------ Data provided

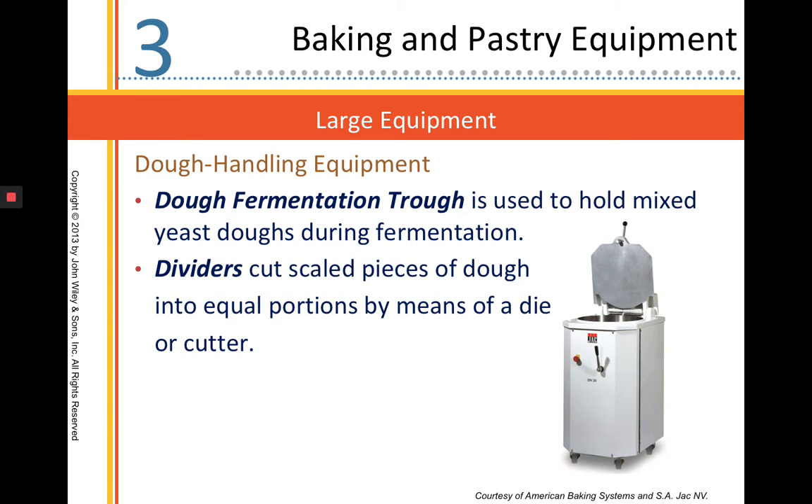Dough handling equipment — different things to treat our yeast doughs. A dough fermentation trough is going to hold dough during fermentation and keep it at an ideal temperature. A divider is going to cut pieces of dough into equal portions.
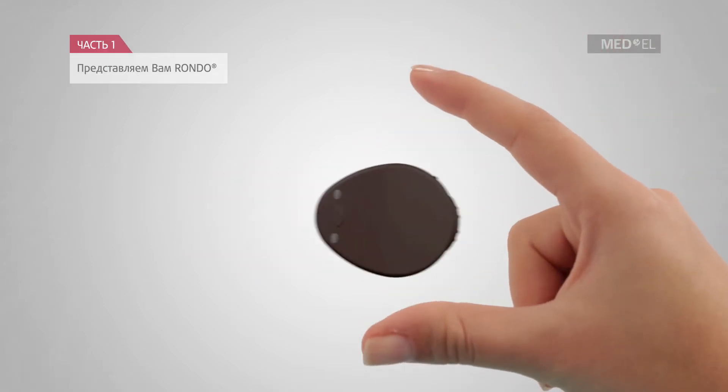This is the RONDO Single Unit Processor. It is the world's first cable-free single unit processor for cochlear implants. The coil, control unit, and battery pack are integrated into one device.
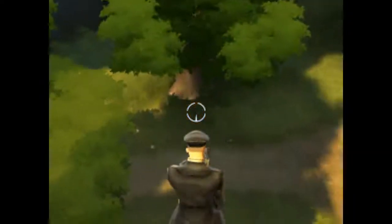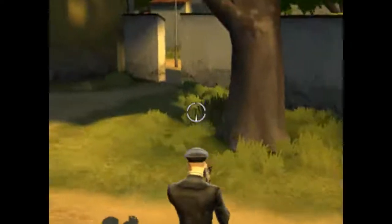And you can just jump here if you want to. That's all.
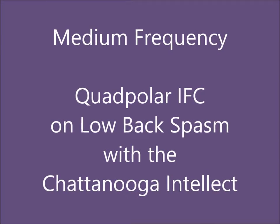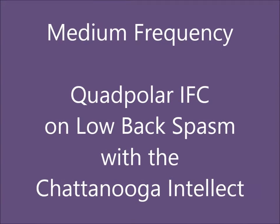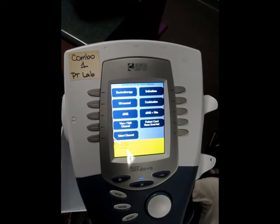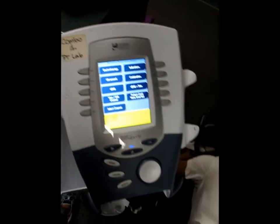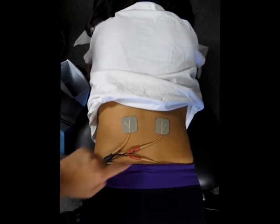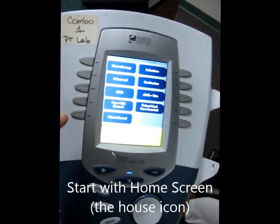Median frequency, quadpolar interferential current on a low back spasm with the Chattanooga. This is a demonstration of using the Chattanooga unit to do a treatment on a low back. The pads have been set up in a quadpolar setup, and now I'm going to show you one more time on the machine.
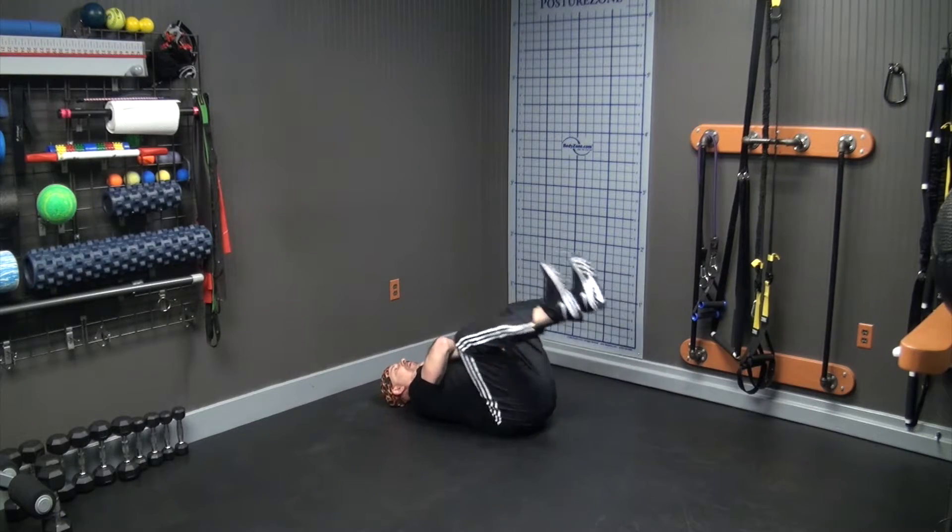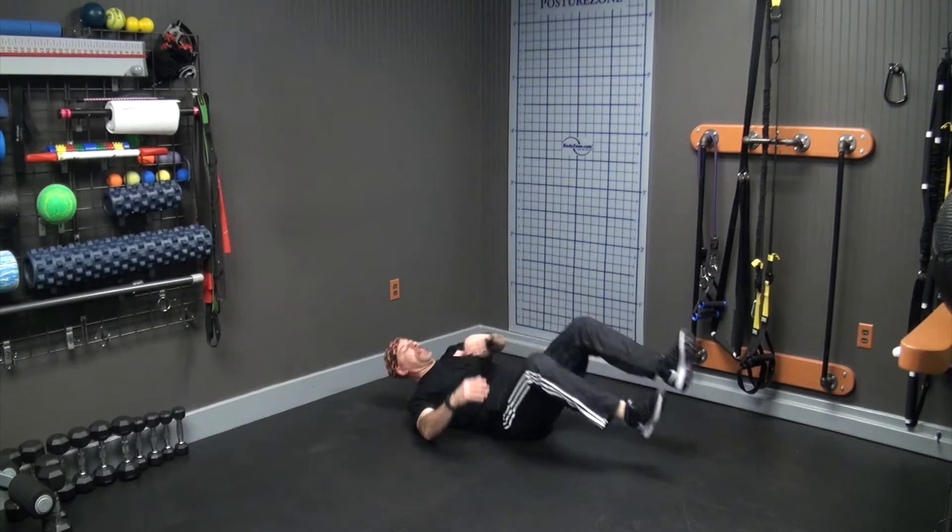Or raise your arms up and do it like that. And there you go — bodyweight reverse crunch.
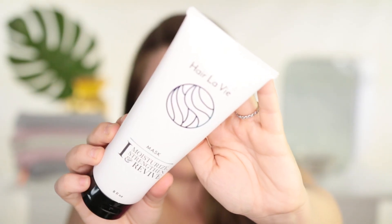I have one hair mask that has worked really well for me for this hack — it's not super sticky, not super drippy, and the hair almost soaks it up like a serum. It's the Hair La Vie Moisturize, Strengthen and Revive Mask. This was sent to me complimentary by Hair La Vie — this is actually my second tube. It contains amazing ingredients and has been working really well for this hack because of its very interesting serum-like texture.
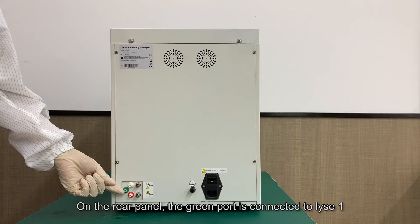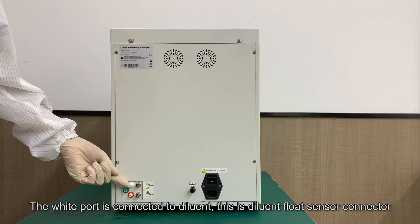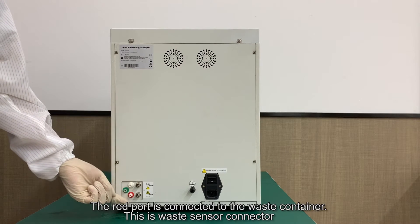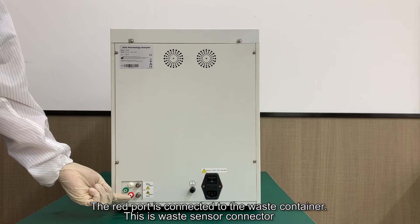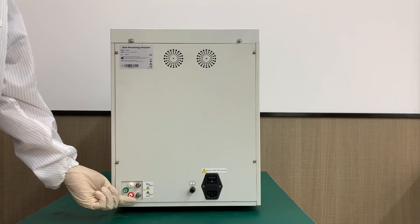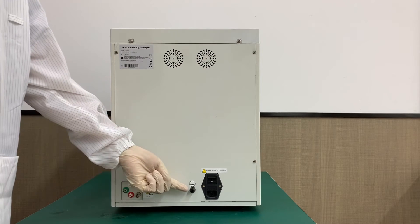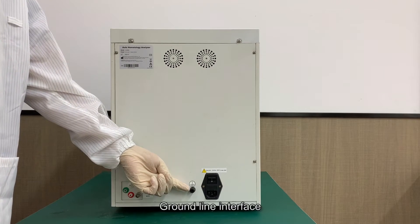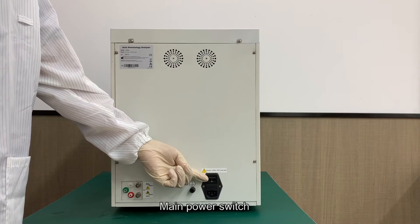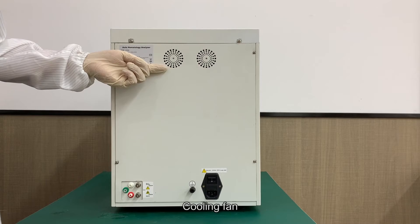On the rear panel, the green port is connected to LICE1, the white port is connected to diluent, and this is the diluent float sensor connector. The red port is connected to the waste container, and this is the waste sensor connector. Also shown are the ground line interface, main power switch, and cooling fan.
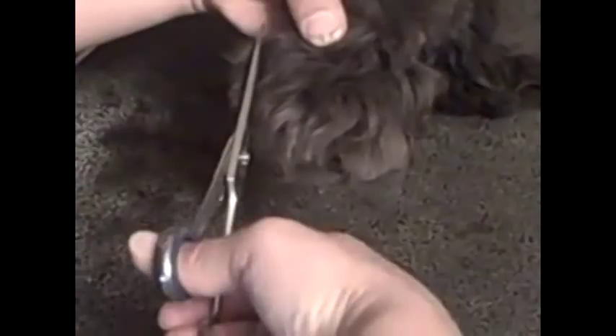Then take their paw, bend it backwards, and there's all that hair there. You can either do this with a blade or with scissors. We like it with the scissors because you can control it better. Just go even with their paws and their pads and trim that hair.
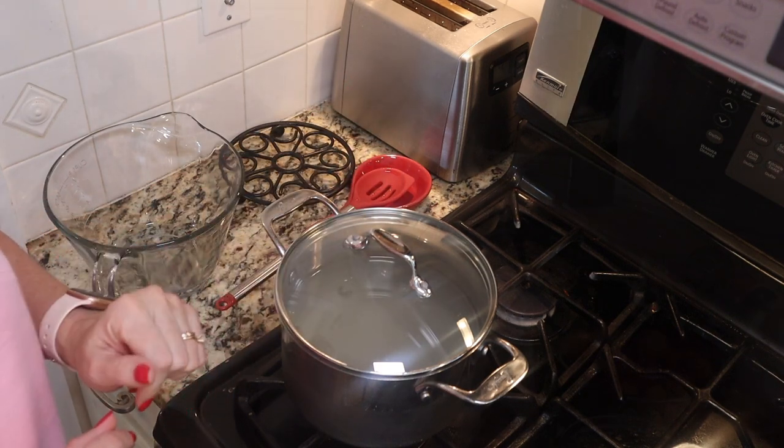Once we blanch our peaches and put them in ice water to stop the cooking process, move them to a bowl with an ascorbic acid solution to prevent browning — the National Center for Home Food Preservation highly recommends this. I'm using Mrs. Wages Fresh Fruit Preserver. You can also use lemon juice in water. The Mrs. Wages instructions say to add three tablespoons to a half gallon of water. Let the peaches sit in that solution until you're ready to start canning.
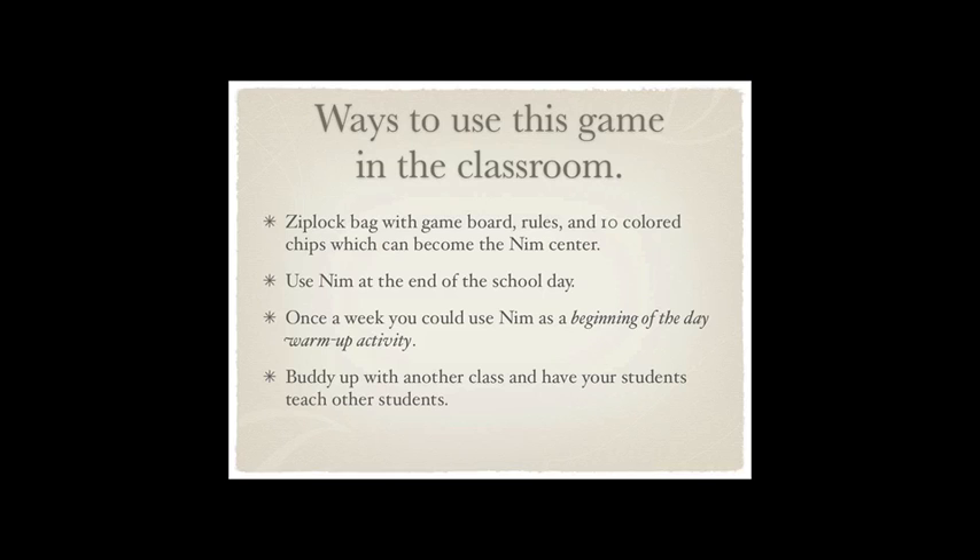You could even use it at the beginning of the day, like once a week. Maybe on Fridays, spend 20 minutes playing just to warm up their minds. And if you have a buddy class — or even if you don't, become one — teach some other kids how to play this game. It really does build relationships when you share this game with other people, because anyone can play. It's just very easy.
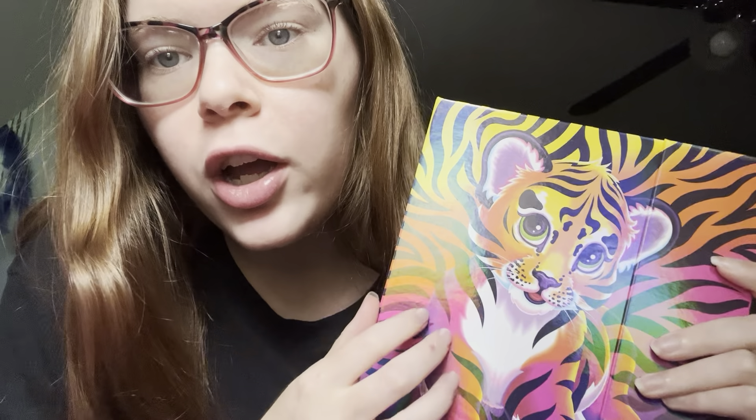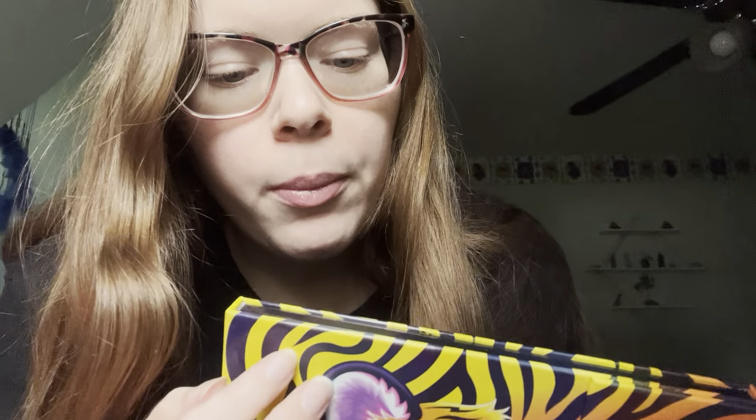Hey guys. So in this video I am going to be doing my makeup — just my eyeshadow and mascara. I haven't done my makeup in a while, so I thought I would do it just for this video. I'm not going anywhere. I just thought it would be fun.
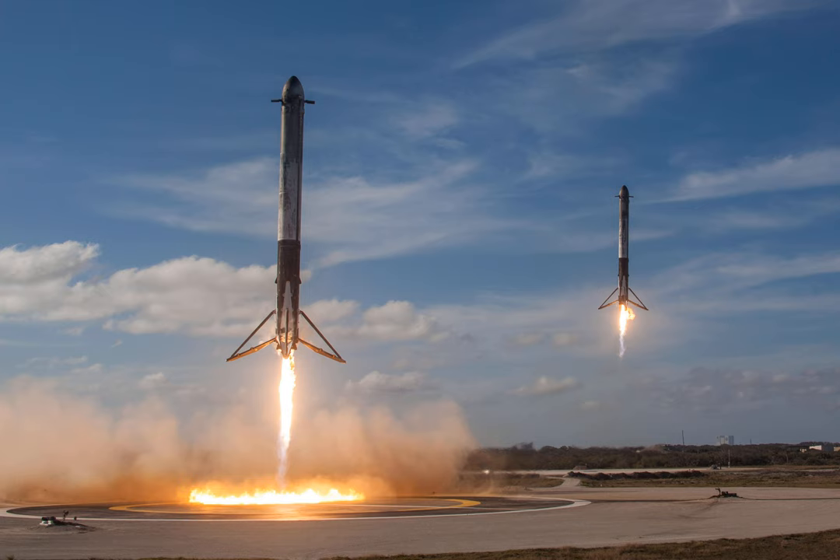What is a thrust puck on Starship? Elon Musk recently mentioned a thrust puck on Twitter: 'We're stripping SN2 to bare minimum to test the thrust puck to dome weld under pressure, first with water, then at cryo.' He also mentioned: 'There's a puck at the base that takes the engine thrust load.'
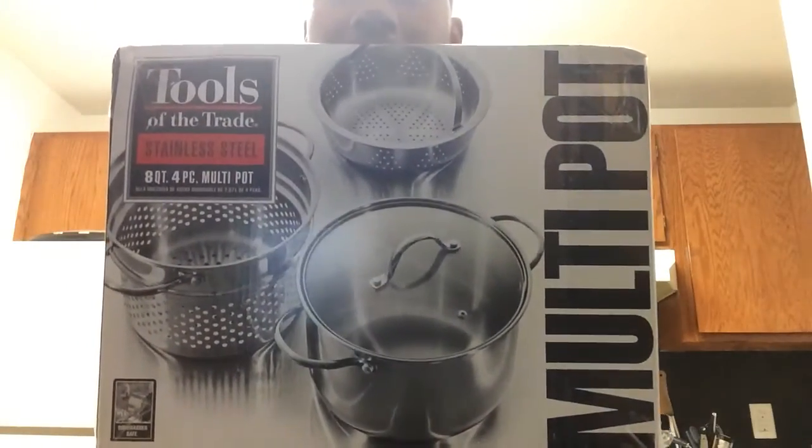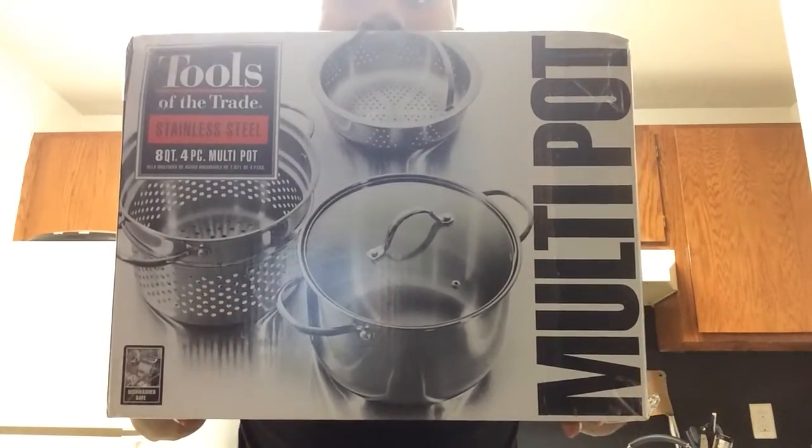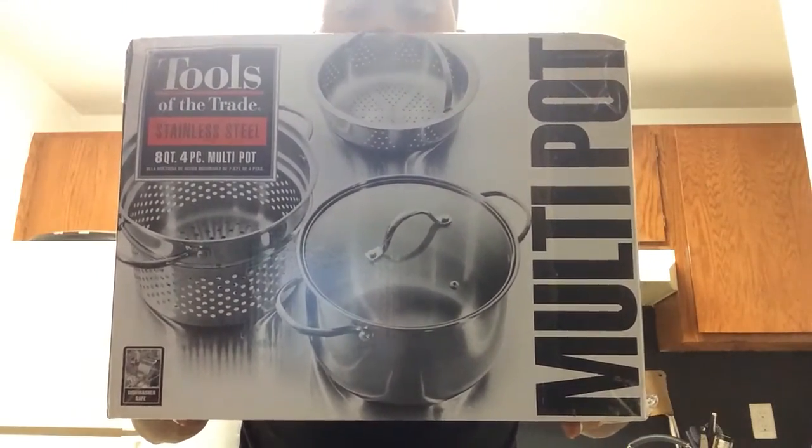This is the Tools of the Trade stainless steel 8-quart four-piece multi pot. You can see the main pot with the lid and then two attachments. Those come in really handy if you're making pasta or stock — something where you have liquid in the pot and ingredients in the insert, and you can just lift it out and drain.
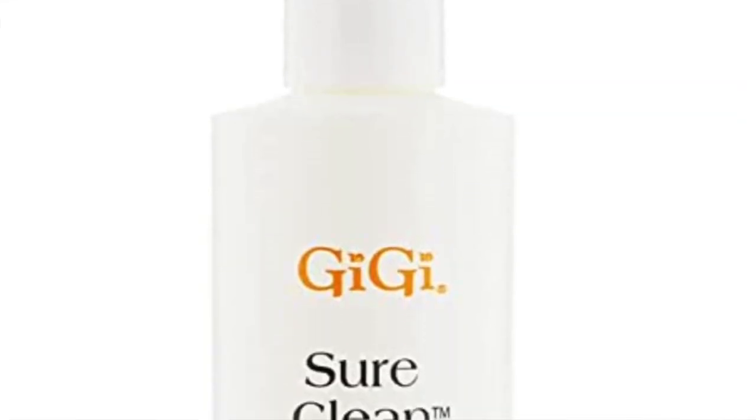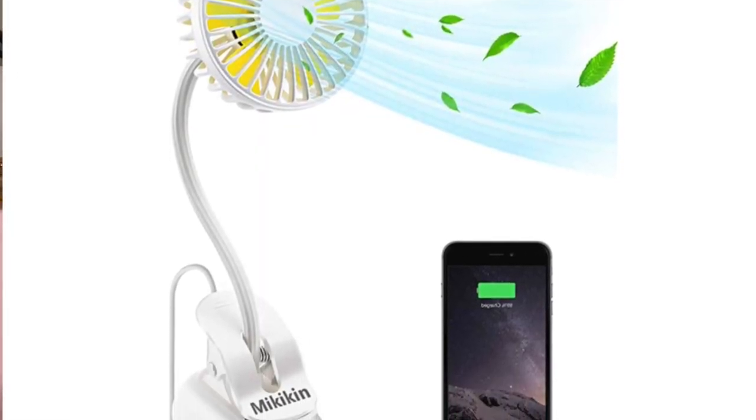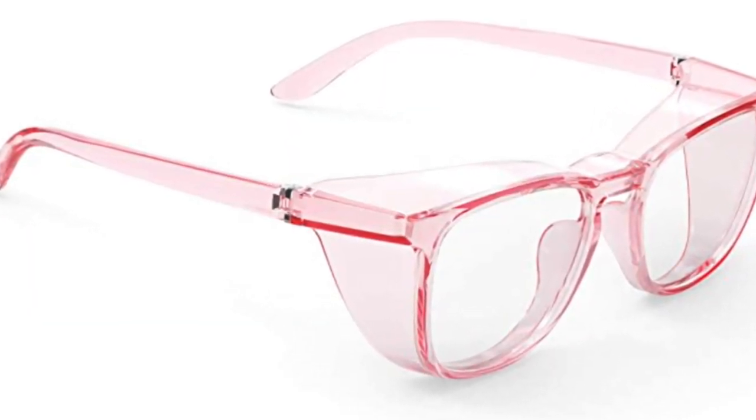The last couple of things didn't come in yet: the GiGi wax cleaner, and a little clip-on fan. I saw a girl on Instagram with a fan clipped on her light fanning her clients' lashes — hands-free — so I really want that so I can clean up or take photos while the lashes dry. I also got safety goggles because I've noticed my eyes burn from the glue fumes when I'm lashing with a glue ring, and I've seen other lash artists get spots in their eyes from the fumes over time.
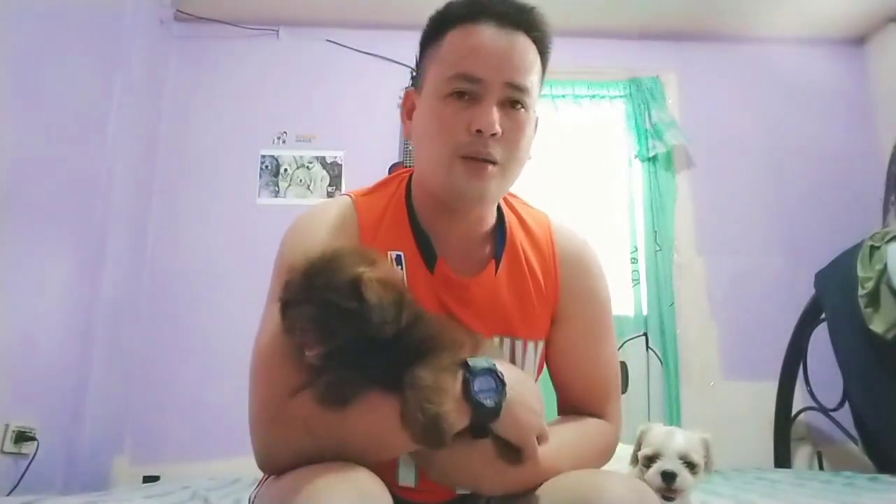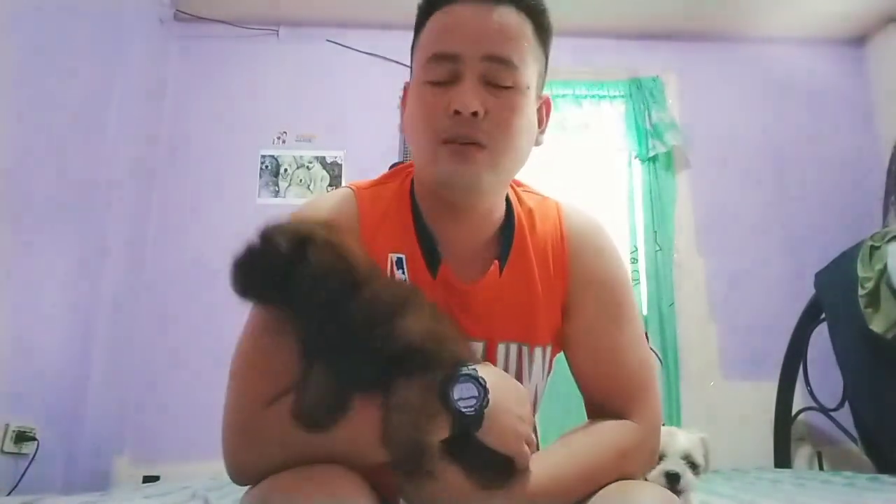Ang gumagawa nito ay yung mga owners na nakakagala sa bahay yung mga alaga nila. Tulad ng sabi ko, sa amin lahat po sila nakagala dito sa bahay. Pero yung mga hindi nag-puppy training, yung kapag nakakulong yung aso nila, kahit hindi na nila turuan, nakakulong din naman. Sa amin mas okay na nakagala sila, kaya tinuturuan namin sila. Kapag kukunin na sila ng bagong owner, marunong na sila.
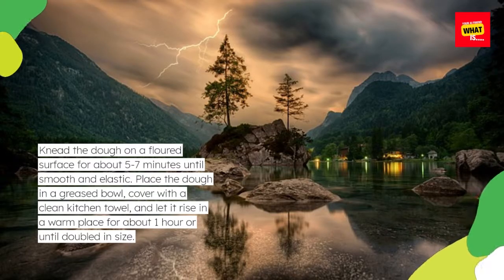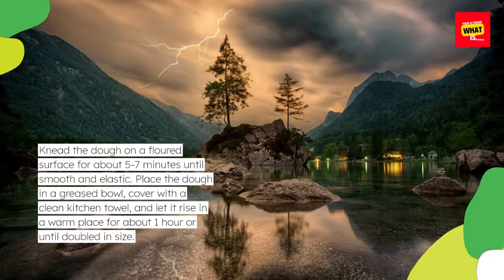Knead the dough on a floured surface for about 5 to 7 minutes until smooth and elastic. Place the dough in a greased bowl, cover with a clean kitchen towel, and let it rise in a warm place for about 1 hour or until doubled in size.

------------

§ Task requirements
Repeat exactly, and only, the entries from the line with "Median frequency, quadpolar" through the line with "I have one hair". Pictures are skipped.

§ Exercise answer
Median frequency, quadpolar interferential current on a low back spasm with the Chattanooga. This is a demonstration of using the Chattanooga unit to do a treatment on a low back. The pads have been set up in a quadpolar setup, and now I'm going to show you one more time on the machine.
Or raise your arms up and do it like that. And there you go — bodyweight reverse crunch.
I have one hair mask that has worked really well for me for this hack — it's not super sticky, not super drippy, and the hair almost soaks it up like a serum. It's the Hair La Vie Moisturize, Strengthen and Revive Mask. This was sent to me complimentary by Hair La Vie — this is actually my second tube. It contains amazing ingredients and has been working really well for this hack because of its very interesting serum-like texture.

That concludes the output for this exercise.